Fino al 31 Dicembre verranno accelerati e semplificati i concorsi pubblici. Non solo, i requisiti verranno riformulati e le prove dislocate. La proposta fa parte del pacchetto di misure del Decreto Rilancio, approvato al Consiglio dei Ministri e pubblicato in Gazzetta lo scorso 19 maggio. Verranno sperimentate nuove modalità di svolgimento dei concorsi per consentire un inserimento più veloce e semplificato di nuove risorse nella Pubblica Amministrazione evitando affollamenti di persone.
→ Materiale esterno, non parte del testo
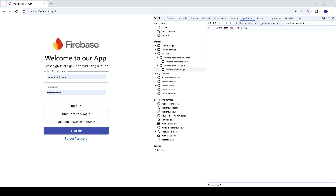That's it for this episode. In the next episode we'll focus on the reset password functionality — it will use a link sent to the user's email, from which the user can change their password and log in again. Stay tuned and thank you for watching.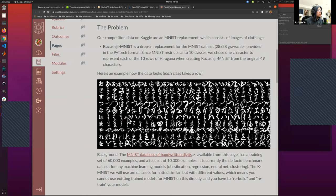One system is called Katakana and the other is called Hiragana. They can look totally different from each other.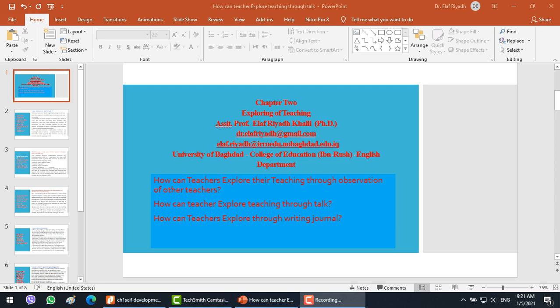Good morning dear students. Today we are still in chapter 2, exploring our teaching. We will deal with this lesson and address three questions: how can teachers explore their teaching through observation of other teachers? How can teachers explore teaching through talk? And how can teachers explore through writing a journal?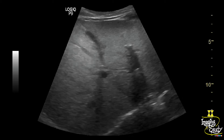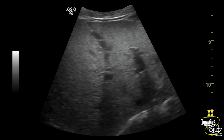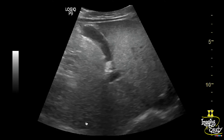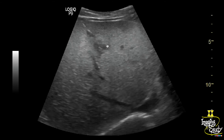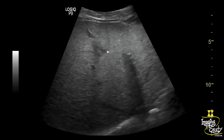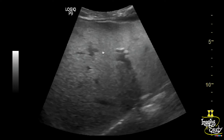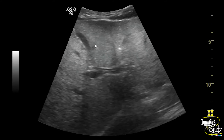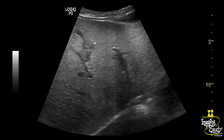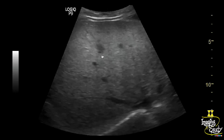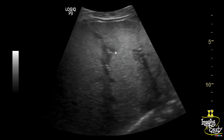Here you can see the hyperechoic liver due to mild steatosis. You can see a hypoechoic area adjacent to the gallbladder at the medial segment of the left lobe — that is segment 4.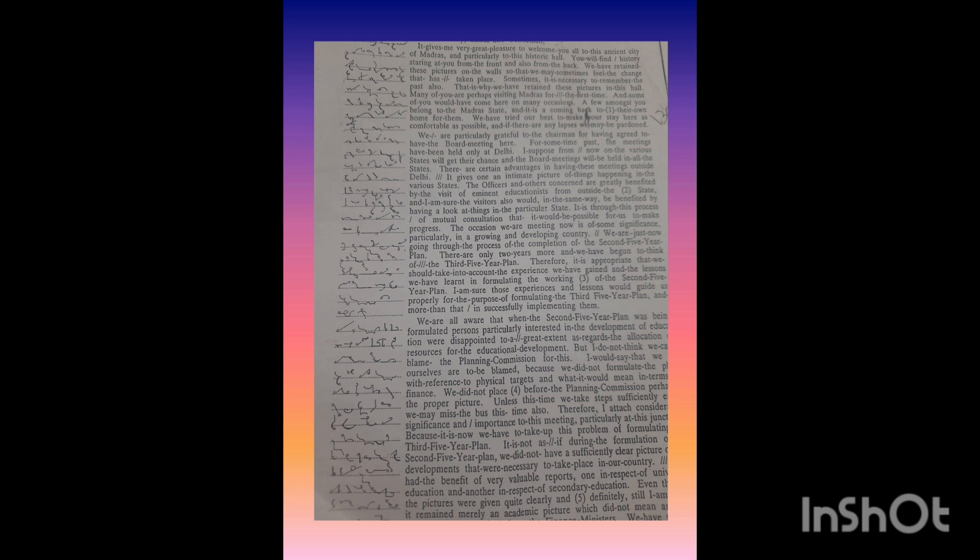Even though the pictures were given quite clearly and definitely, I am afraid it remains merely an academic picture which did not mean anything to the planners, particularly to the finance ministers. We have to give these academic targets and objectives a financial picture. Then alone we would be able to carry the planning commission and planners with us.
Nel dettaglio: esami più rapidi; requisiti più specifici per limitare il numero di candidati ammessi ai test di accesso; prove preselettive decentrate in grado di individuare competenze trasversali, utili anche per il lavoro nella Pubblica Amministrazione; intera selezione svolta con l’ausilio di strumenti informatici; inoltre viene richiesto l’eventuale supporto di società specializzate per il reclutamento che offrano soluzioni a queste nuove esigenze.

Secondo Stefano Bazzini, Presidente di Selexi, società che gestisce da vent’anni concorsi pubblici e test d’ingresso: “Le prove realizzate tramite il canale digitale hanno il pregio di essere oggettive, di garantire che il loro esito rispecchi effettivamente la preparazione dei candidati. Ampliare lo spettro di competenze su cui costruire processi di selezione migliori è la sfida da affrontare nel prossimo futuro.

Ritengo possa essere vinta proprio grazie all’impiego della tecnologia, purché le procedure concorsuali possano finalmente giovarsi di un contesto normativo rinnovato e adeguato ai tempi e agli strumenti moderni.

 

Se i test oggettivi sono il miglior metodo per realizzare una pre-selezione che consenta il superamento a chi abbia i requisiti minimi, vi sono sicuramente metodi più approfonditi ed efficaci per valutare e selezionare i candidati migliori, i talenti.

Uno di questi consiste nella misurazione delle soft skills, o competenze trasversali, come proposto dal Ministro della Funzione Pubblica. Ad esempio, la capacità di essere empatici, di cooperare, di essere coinvolgenti e di possedere l’attitudine al problem solving. Un insieme di caratteristiche personali e di competenze che il nostro sistema di test e selezione prevede e integra.

 

La nostra esperienza si fonda sulla gestione informatizzata dei test che è stata introdotta da dieci anni, e sull’apertura cinque anni fa del più grande test center europeo a Milano, dotato di oltre quattrocento postazioni. Sia a Milano, sia nella rete di test center, in Italia e nel mondo, le prove si svolgono in ambienti confortevoli e l’analisi dei risultati è praticamente immediata e automatizzata.

 

Inoltre a causa del Covid-19, Selexi ha adottato anche un sistema di proctoring, ossia una piattaforma utile alle operazioni di vigilanza e di controllo, remoto: i test possono essere svolti da casa, in massima sicurezza e trasparenza, dato che la Commissione può verificare in diretta audio e video l’ambiente d’esame, sebbene casalingo”.

 

Selexi gestisce da vent’anni concorsi pubblici e test d’ingresso e ha investito di recente nella piattaforma per la formazione e l’orientamento online MITO, in collaborazione con il professor Giorgio Sangiorgi, professore di Psicologia del lavoro e delle organizzazioni.